Directions for this task:
Reproduce verbatim the line containing "Полуприцеп рефрижератор Kassbohrer" and every line that follows it through the end of the entries below, omitting all pictures.

Records drawn from a dataset
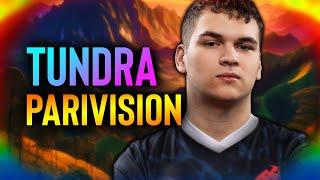 TUNDRA vs PARIVISION - DREAMLEAGUE SEASON 25 DOTA 2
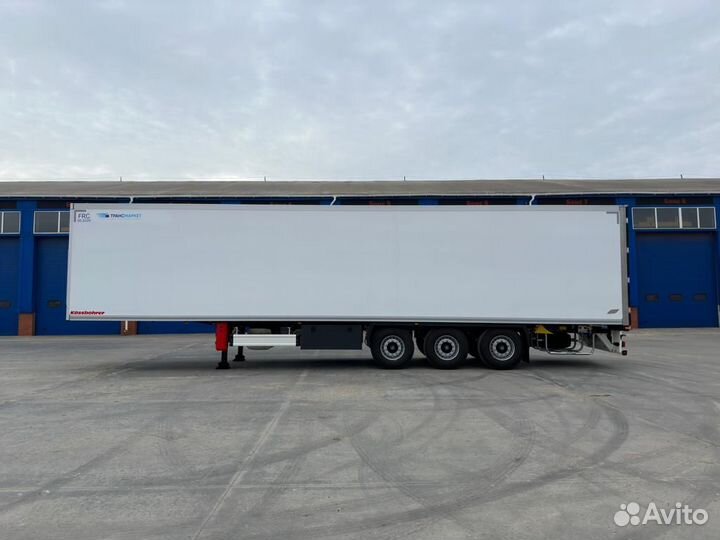 Полуприцеп рефрижератор Kassbohrer Frigo, 2023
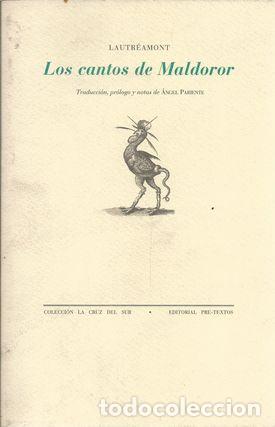 Libros: LOS CANTOS DE MALDOROR - LAUTR&Eacute;AMONT - Foto 2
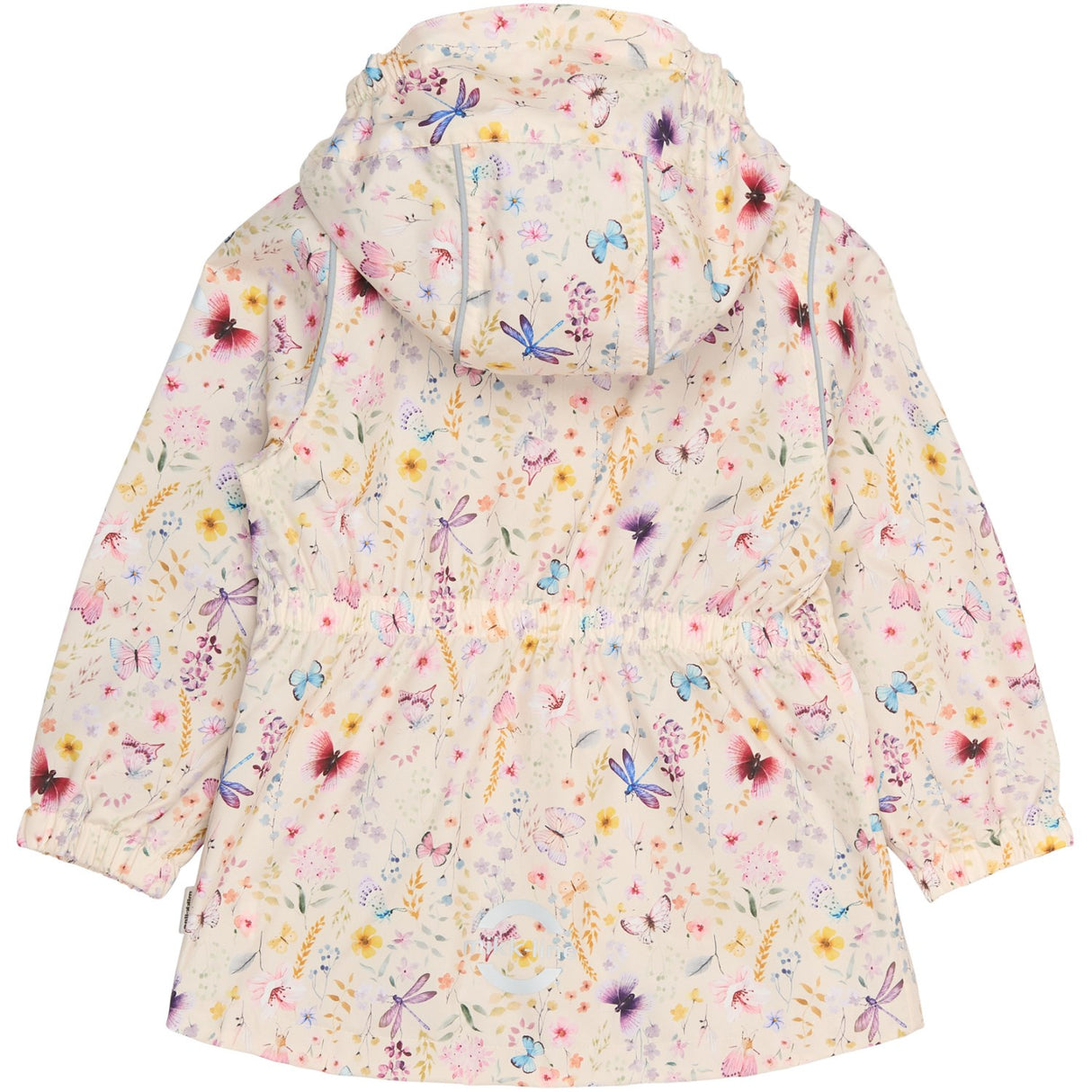 Mikk-Line Butterfly AOP Summer Jacket AOP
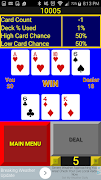 BeatBlackjack screenshot 1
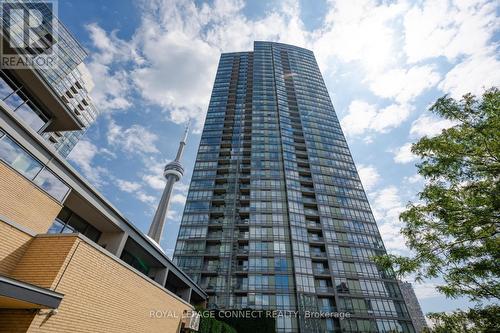 901 - 5 Mariner Terrace, Toronto, ON - Outdoor With Facade
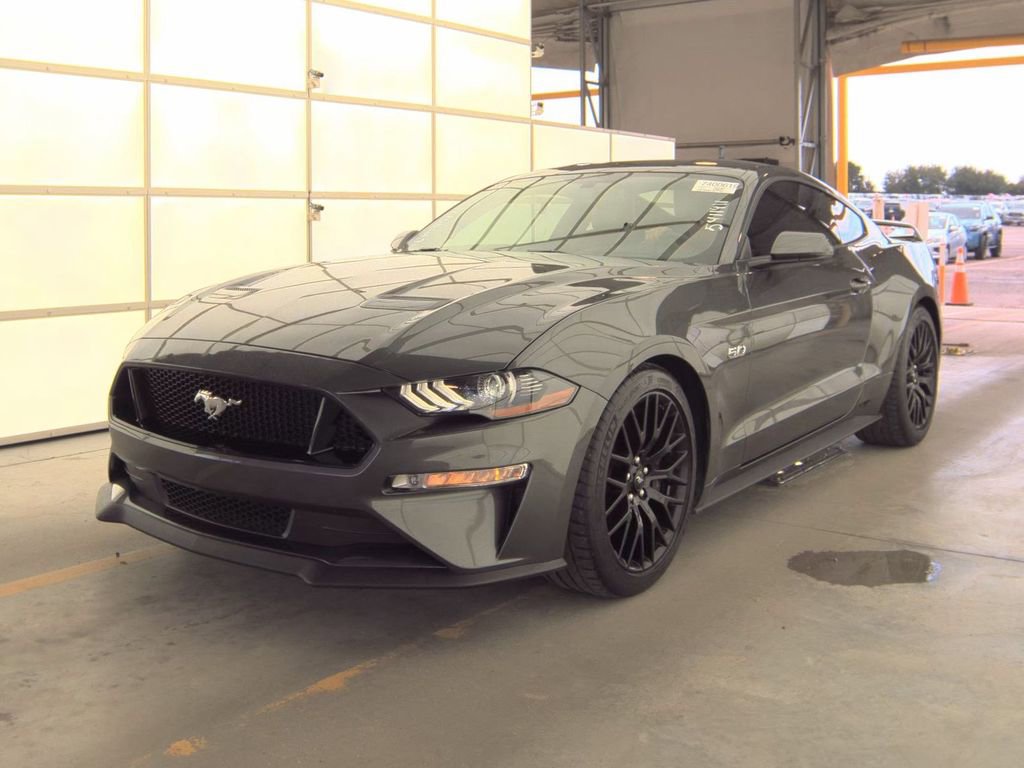 Used 2019 Ford Mustang GT Premium w/ GT Performance Package RWD video 1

Written reply:
 Полуприцеп рефрижератор Kassbohrer Frigo, 2023
 Libros: LOS CANTOS DE MALDOROR - LAUTR&Eacute;AMONT - Foto 2
 Mikk-Line Butterfly AOP Summer Jacket AOP
 BeatBlackjack screenshot 1
 901 - 5 Mariner Terrace, Toronto, ON - Outdoor With Facade
 Used 2019 Ford Mustang GT Premium w/ GT Performance Package RWD video 1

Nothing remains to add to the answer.